*Work instruction:*
The records below are to be returned exactly as written, minus their pictures.

(Image-text web data)
════════════════
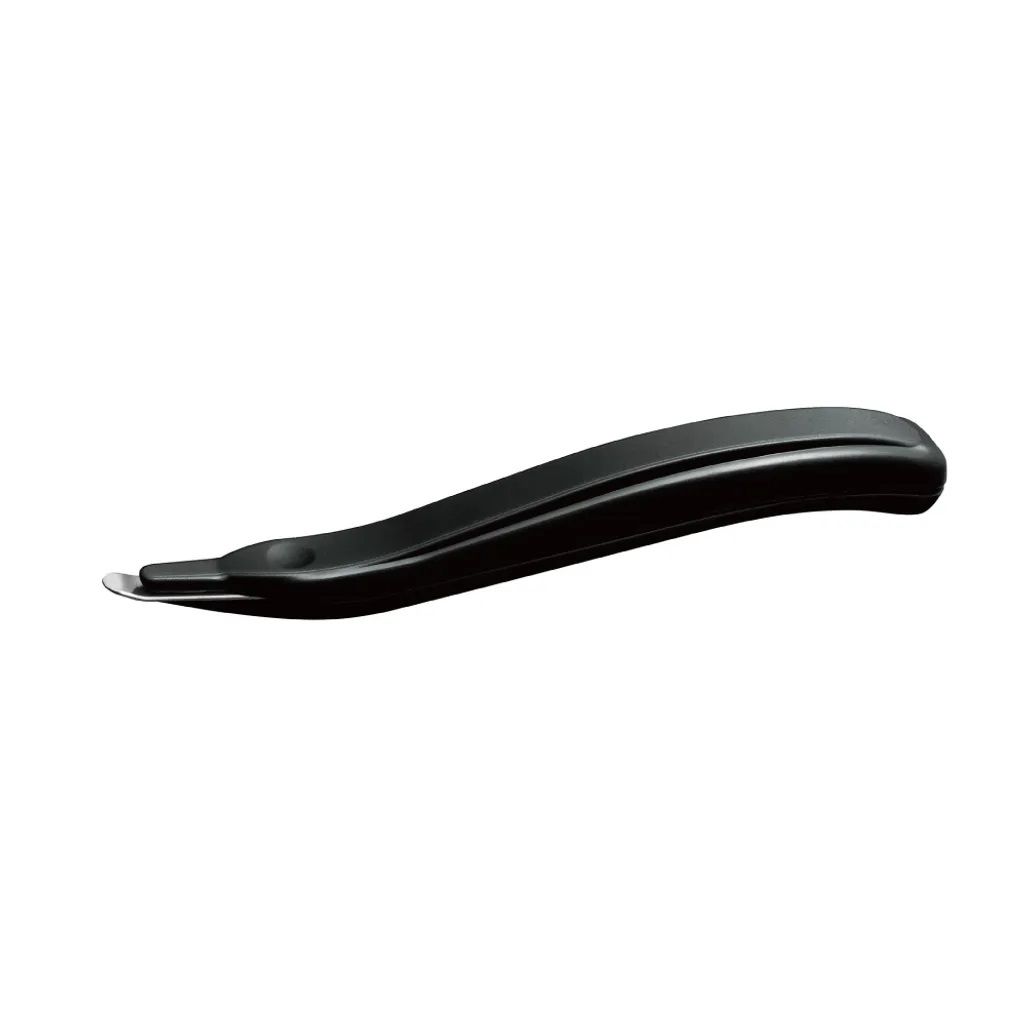 KW Trio Wand Style Staple Remover - Pack of 2 | Shop Today. Get it ...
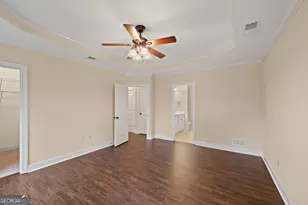 1355 Cold Tree Ln, Watkinsville, GA 30677 - Photo 23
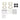 KingSong 18L/18XL Speaker Kit KingSong
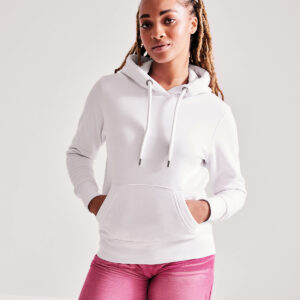 Anthem Hoodies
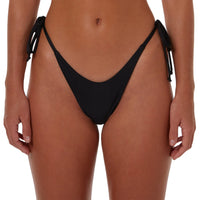 Micro Bottoms
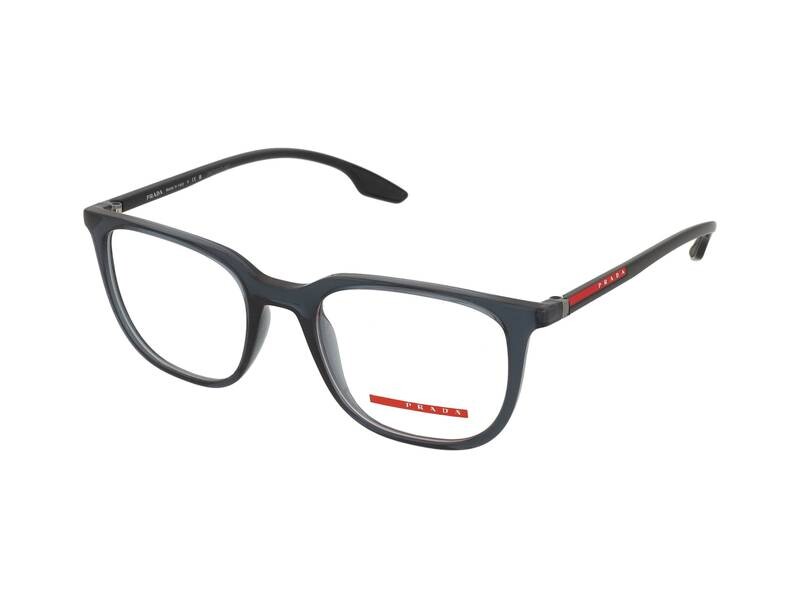 Prada Linea Rossa Prada PS 01OV CZH1O1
════════════════
*Reply to the task:*
 KW Trio Wand Style Staple Remover - Pack of 2 | Shop Today. Get it ...
 1355 Cold Tree Ln, Watkinsville, GA 30677 - Photo 23
 KingSong 18L/18XL Speaker Kit KingSong
 Anthem Hoodies
 Micro Bottoms
 Prada Linea Rossa Prada PS 01OV CZH1O1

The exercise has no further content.